• **PROVIDED RECORDS**:
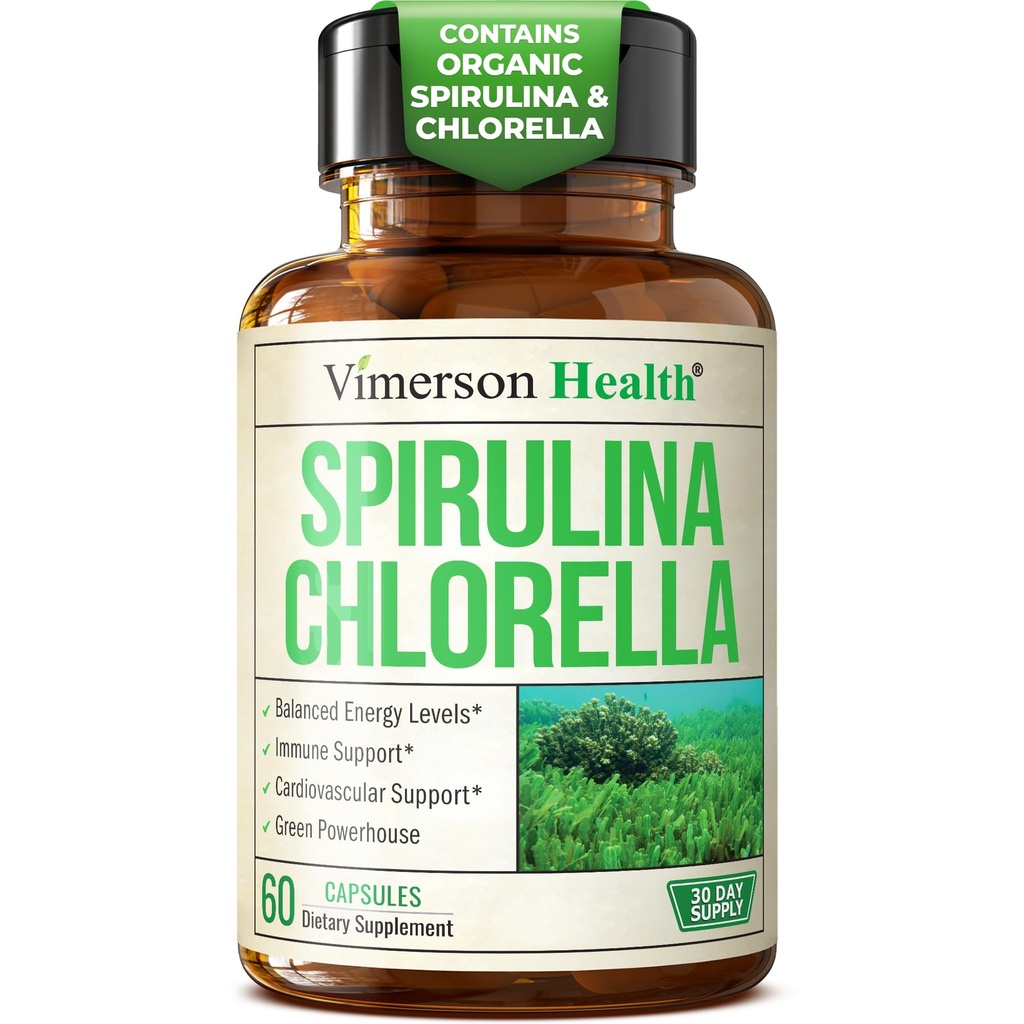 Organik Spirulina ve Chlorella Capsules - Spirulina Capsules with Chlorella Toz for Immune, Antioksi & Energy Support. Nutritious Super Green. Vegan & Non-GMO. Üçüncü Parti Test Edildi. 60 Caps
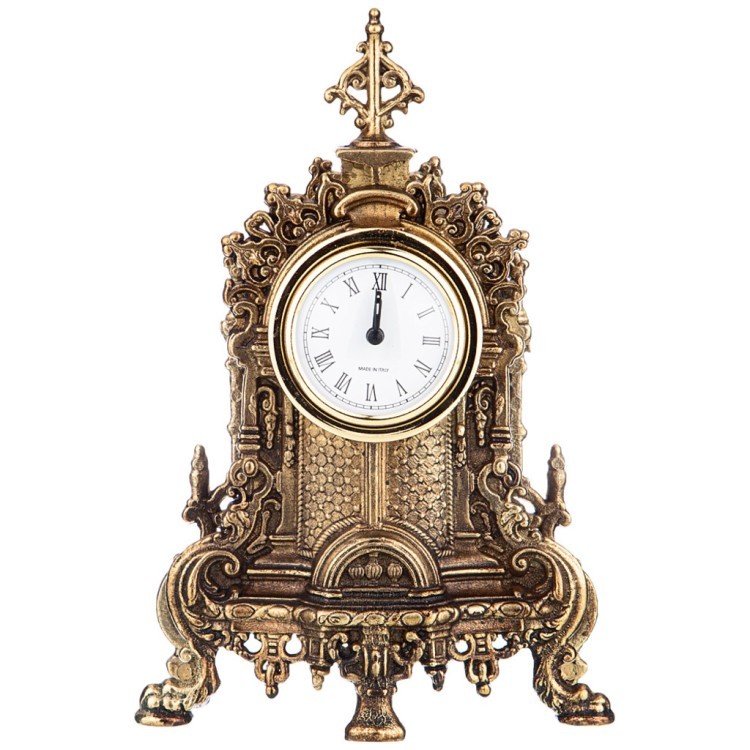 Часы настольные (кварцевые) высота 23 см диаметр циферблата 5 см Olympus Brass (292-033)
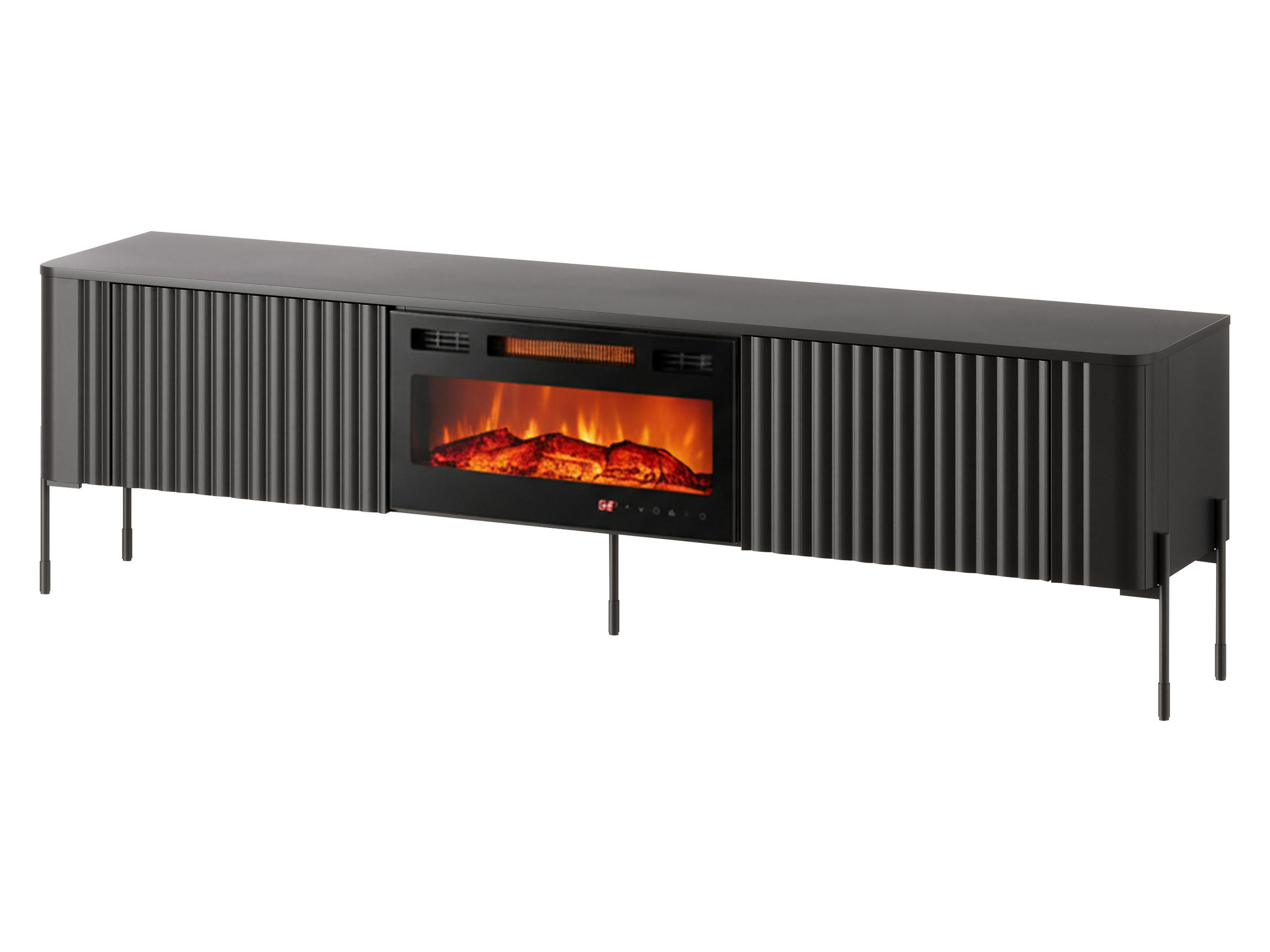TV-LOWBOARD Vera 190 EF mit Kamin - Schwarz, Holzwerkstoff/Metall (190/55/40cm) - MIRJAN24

...

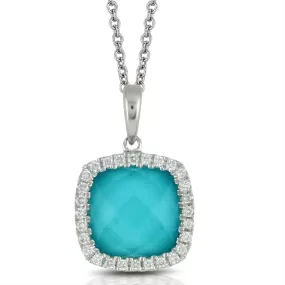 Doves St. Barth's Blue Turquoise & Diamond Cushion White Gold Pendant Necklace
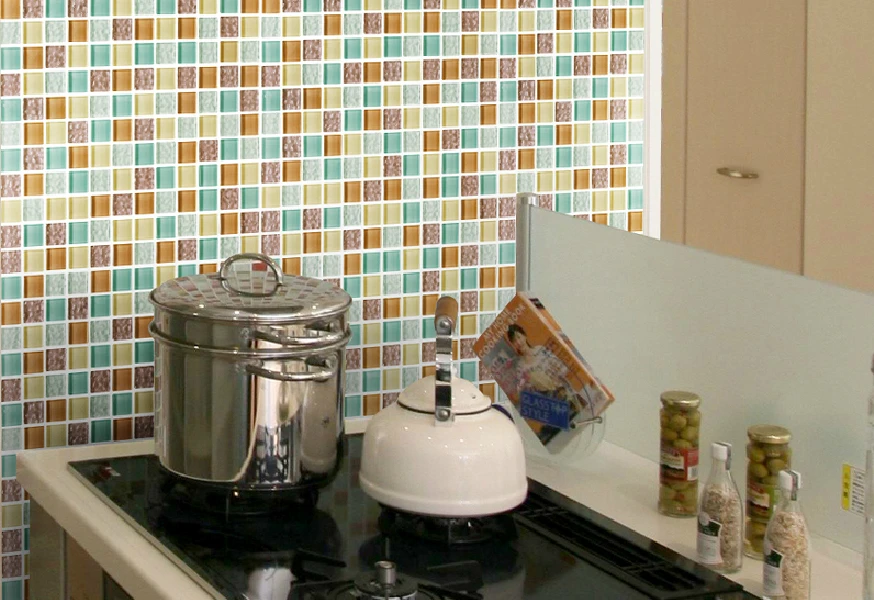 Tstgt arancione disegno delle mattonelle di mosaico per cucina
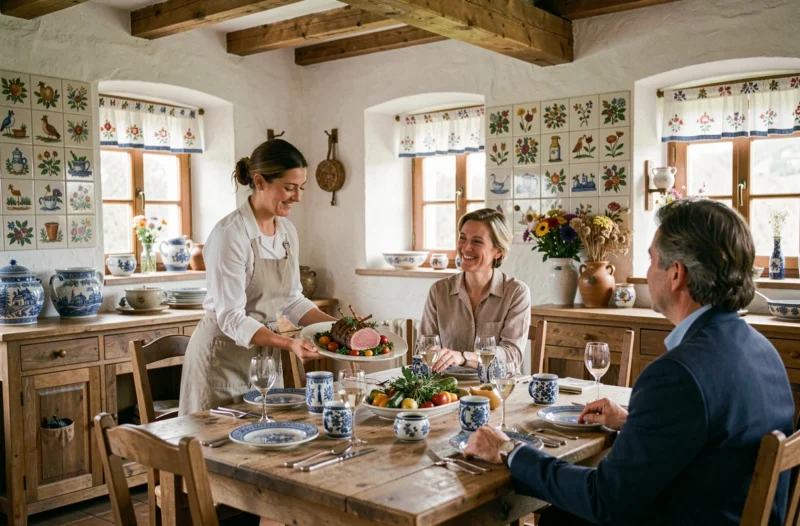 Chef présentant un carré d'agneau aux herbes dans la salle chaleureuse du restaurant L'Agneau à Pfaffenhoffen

* * *

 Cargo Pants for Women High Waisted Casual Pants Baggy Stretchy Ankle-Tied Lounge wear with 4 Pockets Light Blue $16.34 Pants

• **WHAT THE TASK ASKS**:
Using the records above, print exactly the run of lines that starts with the line with "Organik Spirulina ve" and goes on through the line with "TV-LOWBOARD Vera 190", pictures excluded.

• **WORKED SOLUTION**:
 Organik Spirulina ve Chlorella Capsules - Spirulina Capsules with Chlorella Toz for Immune, Antioksi & Energy Support. Nutritious Super Green. Vegan & Non-GMO. Üçüncü Parti Test Edildi. 60 Caps
 Часы настольные (кварцевые) высота 23 см диаметр циферблата 5 см Olympus Brass (292-033)
TV-LOWBOARD Vera 190 EF mit Kamin - Schwarz, Holzwerkstoff/Metall (190/55/40cm) - MIRJAN24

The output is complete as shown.